Reduce inference latency of text embedding endpoint

Hello, I fine-tuned a custom DistilBert language model and deployed it as a Sagemaker endpoint (p3.2xlarge) for extracting text embeddings. I pass a text snippet as input and the endpoint return embedding vector. I am looking to improve latency.

When i call the endpoint with a single example, it’s per sample latency is very low (< 4 ms). :
start_time = time.time()
input= {“inputs”:“Google home is much better than alexa”,
“parameters”: {‘truncation’:True}}

CPU times: user 3.69 ms, sys: 0 ns, total: 3.69 ms
Wall time: 61.4 ms

When i call it on a dataframe column with 37k samples, per sample latency is very high (~110 ms).
def predict_single(t):
return predictor.predict({‘inputs’: t,
‘parameters’: {‘truncation’:True}})[‘vectors’]

start_time = time.time()
df_test[‘vectors’] = df_test[‘text’].apply(predict_single)
latency = round((time.time()-start_time)*1000/len(df_test),3)
print(f"Testing Sample Size: {len(df_test)}\nInference speed: {latency} ms")
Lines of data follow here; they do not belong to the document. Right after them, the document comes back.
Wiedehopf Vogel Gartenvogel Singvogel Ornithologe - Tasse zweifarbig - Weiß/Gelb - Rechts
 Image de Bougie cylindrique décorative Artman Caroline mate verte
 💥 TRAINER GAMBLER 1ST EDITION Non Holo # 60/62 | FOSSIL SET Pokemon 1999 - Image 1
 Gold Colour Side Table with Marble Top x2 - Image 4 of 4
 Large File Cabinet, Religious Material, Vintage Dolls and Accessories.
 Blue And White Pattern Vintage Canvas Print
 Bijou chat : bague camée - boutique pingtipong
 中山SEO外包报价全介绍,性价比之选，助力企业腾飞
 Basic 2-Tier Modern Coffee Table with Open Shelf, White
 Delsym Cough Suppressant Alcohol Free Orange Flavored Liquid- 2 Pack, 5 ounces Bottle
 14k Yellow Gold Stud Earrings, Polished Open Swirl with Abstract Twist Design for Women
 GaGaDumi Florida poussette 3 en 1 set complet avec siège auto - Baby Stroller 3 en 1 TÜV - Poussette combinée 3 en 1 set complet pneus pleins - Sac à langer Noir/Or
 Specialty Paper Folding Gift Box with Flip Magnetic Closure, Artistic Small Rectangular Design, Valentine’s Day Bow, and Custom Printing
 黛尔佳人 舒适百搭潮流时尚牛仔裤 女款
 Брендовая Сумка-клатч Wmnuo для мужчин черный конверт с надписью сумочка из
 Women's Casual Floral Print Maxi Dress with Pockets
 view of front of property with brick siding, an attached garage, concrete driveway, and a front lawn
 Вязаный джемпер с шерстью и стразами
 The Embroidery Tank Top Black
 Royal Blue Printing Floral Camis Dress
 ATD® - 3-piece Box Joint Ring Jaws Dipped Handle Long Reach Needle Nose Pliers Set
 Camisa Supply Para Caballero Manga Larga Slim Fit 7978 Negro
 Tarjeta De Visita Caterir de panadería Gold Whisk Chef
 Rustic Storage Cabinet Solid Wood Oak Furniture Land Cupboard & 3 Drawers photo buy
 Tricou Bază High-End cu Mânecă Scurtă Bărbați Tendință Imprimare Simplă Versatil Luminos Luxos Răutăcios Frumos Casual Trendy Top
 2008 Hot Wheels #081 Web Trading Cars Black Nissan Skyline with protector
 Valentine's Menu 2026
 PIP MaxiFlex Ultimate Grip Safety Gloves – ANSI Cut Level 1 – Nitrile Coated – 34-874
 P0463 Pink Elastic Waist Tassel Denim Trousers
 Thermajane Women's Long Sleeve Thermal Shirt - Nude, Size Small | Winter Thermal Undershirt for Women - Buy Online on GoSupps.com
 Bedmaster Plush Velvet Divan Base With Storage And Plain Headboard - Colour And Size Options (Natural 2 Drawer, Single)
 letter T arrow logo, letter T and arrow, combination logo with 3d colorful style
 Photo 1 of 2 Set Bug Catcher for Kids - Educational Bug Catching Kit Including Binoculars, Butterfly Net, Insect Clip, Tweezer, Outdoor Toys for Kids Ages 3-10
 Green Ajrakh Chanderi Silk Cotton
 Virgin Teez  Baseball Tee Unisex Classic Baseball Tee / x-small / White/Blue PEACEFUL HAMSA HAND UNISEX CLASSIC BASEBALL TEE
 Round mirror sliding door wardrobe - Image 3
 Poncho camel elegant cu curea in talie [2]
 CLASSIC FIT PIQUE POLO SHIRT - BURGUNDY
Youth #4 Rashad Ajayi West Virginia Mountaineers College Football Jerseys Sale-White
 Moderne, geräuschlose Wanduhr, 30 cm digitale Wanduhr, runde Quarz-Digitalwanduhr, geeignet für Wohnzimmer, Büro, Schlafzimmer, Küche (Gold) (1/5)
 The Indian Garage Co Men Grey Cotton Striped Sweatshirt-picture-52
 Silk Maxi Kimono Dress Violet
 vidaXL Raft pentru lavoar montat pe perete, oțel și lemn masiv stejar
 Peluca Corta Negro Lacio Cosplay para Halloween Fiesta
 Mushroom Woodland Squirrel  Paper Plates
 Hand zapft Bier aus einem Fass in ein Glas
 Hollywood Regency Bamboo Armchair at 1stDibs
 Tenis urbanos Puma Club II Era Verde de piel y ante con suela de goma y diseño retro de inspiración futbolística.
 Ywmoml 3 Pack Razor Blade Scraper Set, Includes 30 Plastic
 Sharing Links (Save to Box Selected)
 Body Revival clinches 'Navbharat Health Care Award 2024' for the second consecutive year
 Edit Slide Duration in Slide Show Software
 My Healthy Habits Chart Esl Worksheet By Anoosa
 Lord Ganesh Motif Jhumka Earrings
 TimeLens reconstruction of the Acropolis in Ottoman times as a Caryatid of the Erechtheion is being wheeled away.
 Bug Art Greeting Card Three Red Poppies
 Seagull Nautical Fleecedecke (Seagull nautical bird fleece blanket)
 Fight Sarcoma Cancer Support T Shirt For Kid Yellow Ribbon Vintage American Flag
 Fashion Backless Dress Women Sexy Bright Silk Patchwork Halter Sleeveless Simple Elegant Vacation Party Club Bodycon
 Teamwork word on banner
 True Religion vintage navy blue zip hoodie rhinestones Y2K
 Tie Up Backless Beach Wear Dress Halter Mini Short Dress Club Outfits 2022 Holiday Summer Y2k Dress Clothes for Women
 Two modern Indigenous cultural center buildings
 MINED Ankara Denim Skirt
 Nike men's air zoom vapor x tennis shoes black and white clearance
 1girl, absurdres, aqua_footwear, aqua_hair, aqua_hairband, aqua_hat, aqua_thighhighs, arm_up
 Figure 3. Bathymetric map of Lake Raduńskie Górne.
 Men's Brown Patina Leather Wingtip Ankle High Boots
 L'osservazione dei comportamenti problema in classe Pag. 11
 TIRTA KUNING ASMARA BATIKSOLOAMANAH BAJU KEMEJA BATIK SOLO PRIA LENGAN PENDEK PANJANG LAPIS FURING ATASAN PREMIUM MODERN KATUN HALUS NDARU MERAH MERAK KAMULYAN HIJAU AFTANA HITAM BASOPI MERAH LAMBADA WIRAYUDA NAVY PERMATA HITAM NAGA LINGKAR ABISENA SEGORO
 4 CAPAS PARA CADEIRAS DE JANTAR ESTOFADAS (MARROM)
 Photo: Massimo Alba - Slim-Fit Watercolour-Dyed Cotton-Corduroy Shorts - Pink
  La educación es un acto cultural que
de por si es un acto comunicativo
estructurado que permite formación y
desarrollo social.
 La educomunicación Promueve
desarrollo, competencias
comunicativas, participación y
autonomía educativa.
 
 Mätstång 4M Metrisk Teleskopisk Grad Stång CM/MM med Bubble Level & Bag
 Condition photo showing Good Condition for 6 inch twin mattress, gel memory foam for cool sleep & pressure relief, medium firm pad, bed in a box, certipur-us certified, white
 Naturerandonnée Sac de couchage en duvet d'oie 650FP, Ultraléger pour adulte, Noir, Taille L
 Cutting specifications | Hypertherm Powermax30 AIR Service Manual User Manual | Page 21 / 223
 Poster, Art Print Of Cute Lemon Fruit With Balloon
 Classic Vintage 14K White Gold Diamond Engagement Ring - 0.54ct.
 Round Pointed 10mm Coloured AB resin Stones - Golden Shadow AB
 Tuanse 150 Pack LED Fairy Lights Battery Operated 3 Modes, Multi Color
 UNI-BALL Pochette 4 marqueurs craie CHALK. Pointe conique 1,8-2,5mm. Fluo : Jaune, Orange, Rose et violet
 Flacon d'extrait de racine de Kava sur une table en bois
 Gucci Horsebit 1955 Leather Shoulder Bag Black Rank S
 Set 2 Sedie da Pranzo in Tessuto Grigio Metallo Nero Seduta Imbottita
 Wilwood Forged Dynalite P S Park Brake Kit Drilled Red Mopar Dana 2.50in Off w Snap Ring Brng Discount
Testing Sample Size: 37099
Inference speed: 110.535 ms
CPU times: user 1min 31s, sys: 4.24 s, total: 1min 35s
Wall time: 1h 8min 20s

The length of text may have a role to play here. The text in dataframe column is much larger in token count. Here is the distribution:
(0, 20): 17896,
(128, 256): 1835,
(20, 50): 10893,
(80, 128): 2286,
(50, 80): 3330,
(512, 10000): 272,
(256, 512): 587

Any ideas how to optimize this?

Hello @saga0106,

Thanks for opening the thread! To better understand your use-case how long are you samples in the dataframe are they significant longer than the hardcoded example you test? Are you processing them asynchronously?